_Exercise aim:_
Only the text belongs in the copy. Transcribe the data exactly and drop any pictures.

_Raw data:_
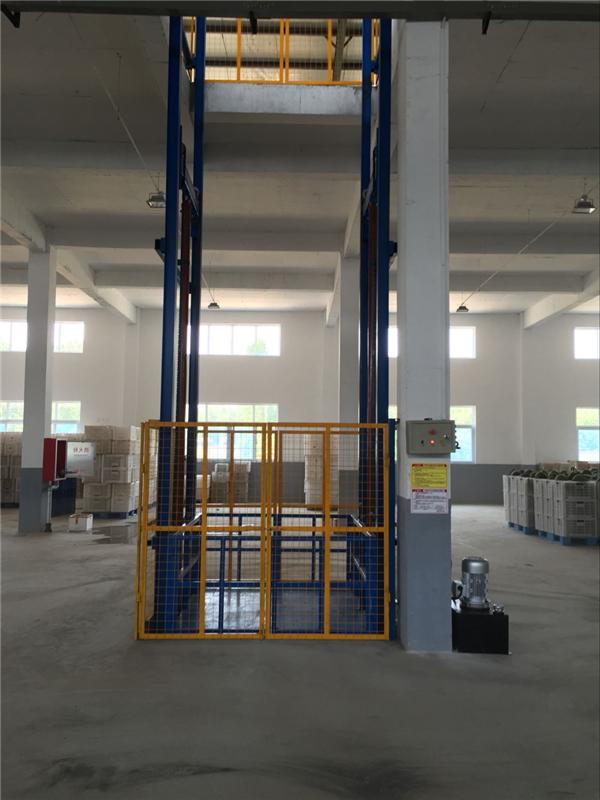 升降貨梯 導(dǎo)軌式升降貨梯的特色之處有哪些?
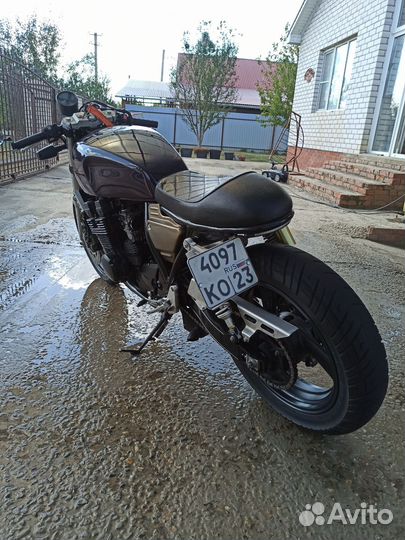 Yamaha XJR 400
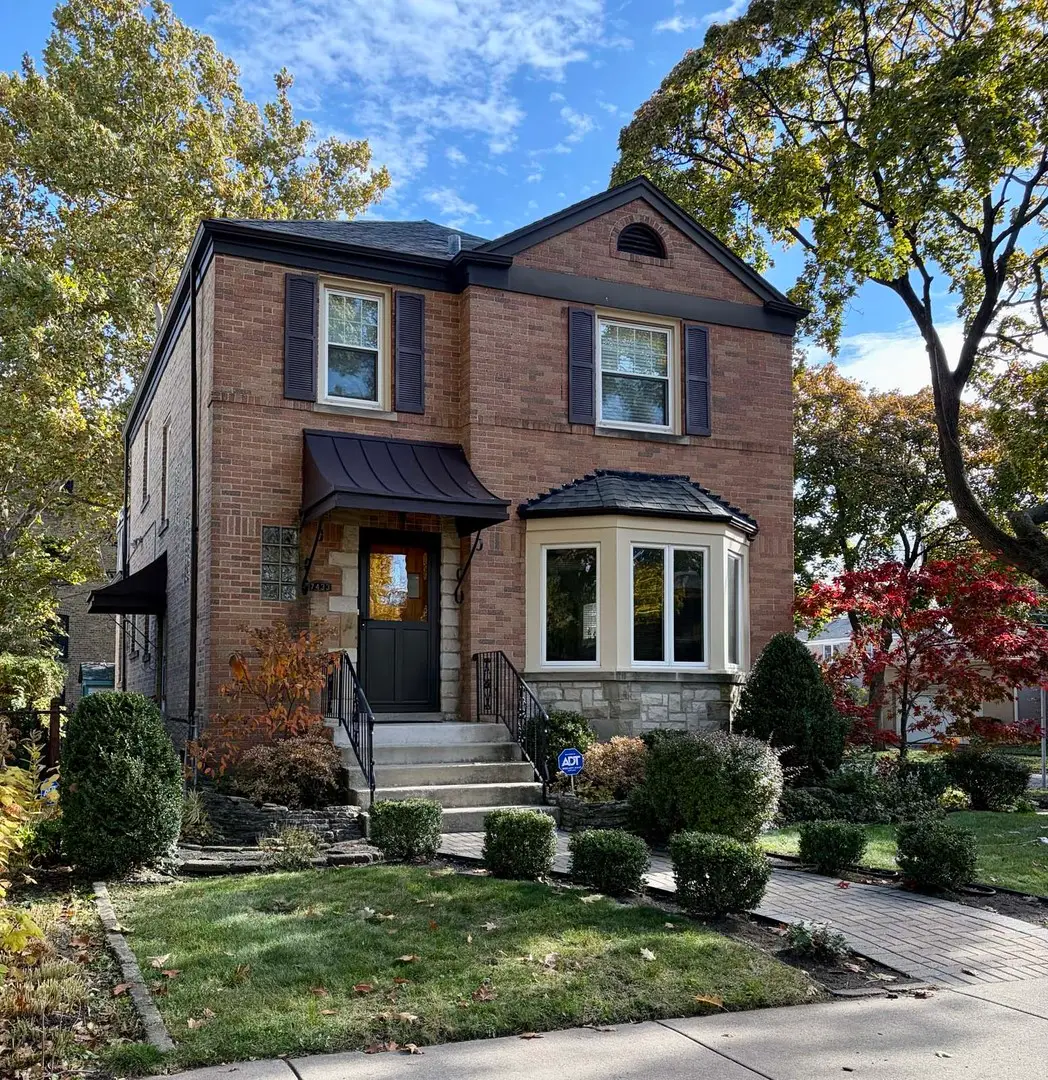 7433 N Washtenaw Avenue, Chicago, IL 60645 - Image #1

_Problem solution:_
 升降貨梯 導(dǎo)軌式升降貨梯的特色之處有哪些?
 Yamaha XJR 400
 7433 N Washtenaw Avenue, Chicago, IL 60645 - Image #1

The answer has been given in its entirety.